**Task statement**
Beginning at the line containing "Este avance demuestra" in the material below and ending at the line containing "Thomas Cazenave Visits", return each line exactly and add nothing.
[Opening Supplied records section]
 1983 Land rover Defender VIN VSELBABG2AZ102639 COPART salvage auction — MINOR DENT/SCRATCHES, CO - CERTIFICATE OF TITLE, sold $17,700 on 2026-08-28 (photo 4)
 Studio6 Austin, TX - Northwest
[Closing Supplied records section]
[Opening Supplied records section]
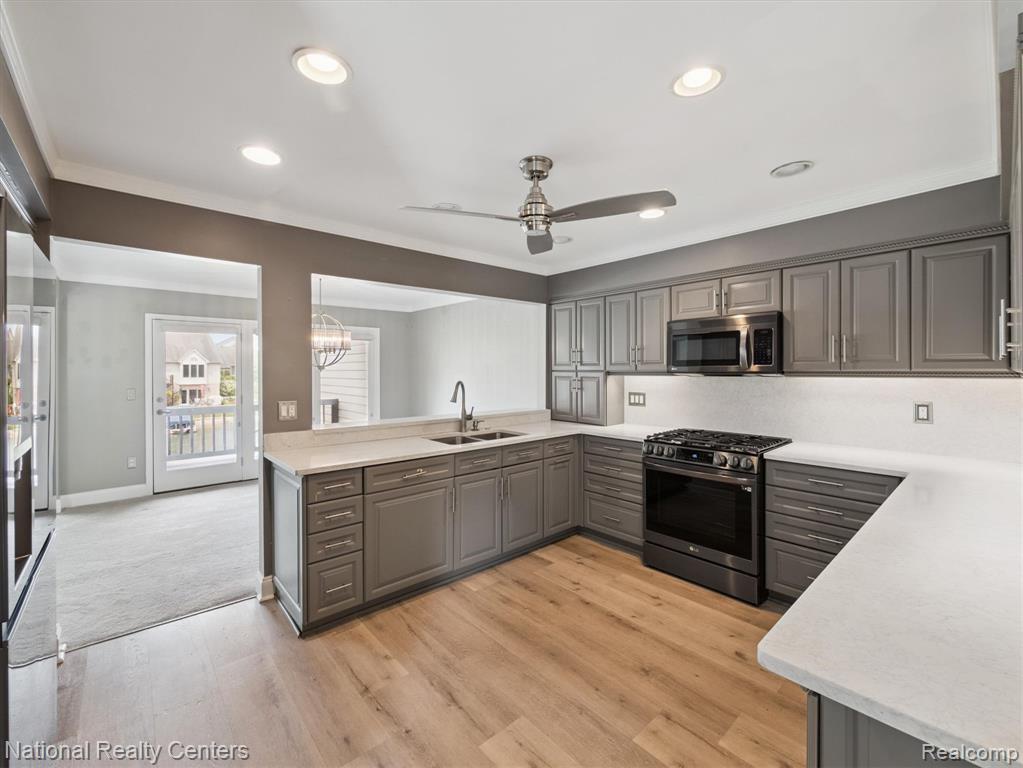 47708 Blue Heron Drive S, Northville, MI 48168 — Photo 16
[Closing Supplied records section]
[Opening Supplied records section]
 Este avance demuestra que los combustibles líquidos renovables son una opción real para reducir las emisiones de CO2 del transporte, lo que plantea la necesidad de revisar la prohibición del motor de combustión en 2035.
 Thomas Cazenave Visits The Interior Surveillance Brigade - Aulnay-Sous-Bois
[Closing Supplied records section]
**Task response**
 Este avance demuestra que los combustibles líquidos renovables son una opción real para reducir las emisiones de CO2 del transporte, lo que plantea la necesidad de revisar la prohibición del motor de combustión en 2035.
 Thomas Cazenave Visits The Interior Surveillance Brigade - Aulnay-Sous-Bois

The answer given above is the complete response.